Johnny Buckett - Hippie In A Blunder (MP3)
In fact, they're all superb, but the one that's completely knocked my hat in the creek is Volume Four: Hippie In A Blunder. As you might imagine, it rounds up scathing country anti-hippie diatribes, some of which are so obscure I've never even heard of 'em. Maybe I'm being a little delusional, but I kind of like to think of myself as something of an expert when it comes to this stuff.
In addition to songs that mock and gripe about hippies, the disc also features a generous sampling of obscure drug scare tunes like The Needle by Harry Snyder and Marijuana, The Devil Flower by Johnny Cash sound-a-like Johnny Price. And perhaps best of all, the compilers have dug up a label shot of the frequently comped but truly elusive California Hippie Murders by Red River Dave, a 45 rpm disc that is so rare I know people who've been looking for their own copy for decades with no luck. And now, thanks to Vinyl Wastelands Volume Four, we see that the insanely psychotic record was released by the Reveal label, a Madison Avenue concern! Twenty-something years ago, when I first heard Autry Inman's Ballad of Two Brothers, an over the top story of campus protests and battlefield valor, I would've given practically anything for a disc like this. If you like this kind of material you probably already have at least a few of the records featured here, but it's a real treat to have so many of them rounded up in one convenient place.

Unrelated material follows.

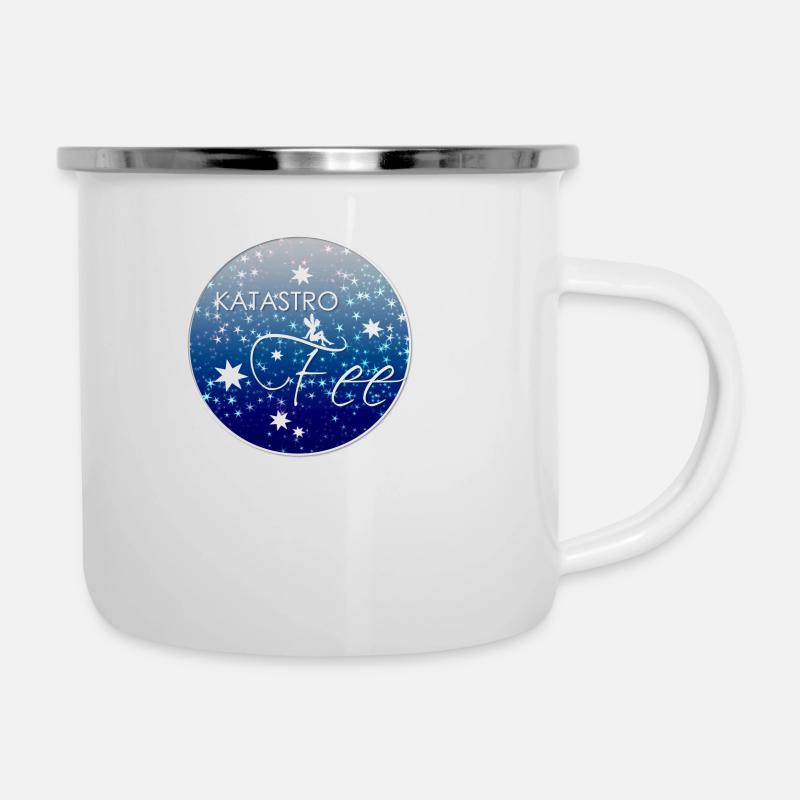 Katastrofee - Emaille-Tasse - Weiß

And you should really check out the amazing front cover photo (above) which captures irate and seething southerners in all out protest mode at the very idea of living alongside people who don't have cracker haircuts. This is really an outstanding series and I'm looking forward to seeing future releases.
And while we're on the topic, I should probably mention that there's a rumor that WFMU's Rex hit a rich vein of wobbly country oddities last weekend at the Allentown Record Show (45s and 78s only), so tune in to Fool's Paradise this Saturday to get an earful.
These are all excellent! I need the Hippie volume!!
Posted by: Debbie D | October 06, 2010 at 10:55 AM
Incredible.
Posted by: Dan | October 06, 2010 at 11:30 AM
Yee-haw!
Posted by: Melissa | October 06, 2010 at 11:37 AM
Shouldn't it be "Hippie in a BLENDER?" What the hell does 'Hippie in a blunder' even mean? I've listened twice and I have no idea. Although it is unbelievably great.
Posted by: Jeff Gee | October 06, 2010 at 09:38 PM
I particularly like the jolly organ.
Posted by: Larry Howard | October 11, 2010 at 04:34 PM
Actually "Reveal" was Red River Dave's own label in San Antonio. Only the publishing is on Mad Avenue, but of course Dave could have just made that up to look important.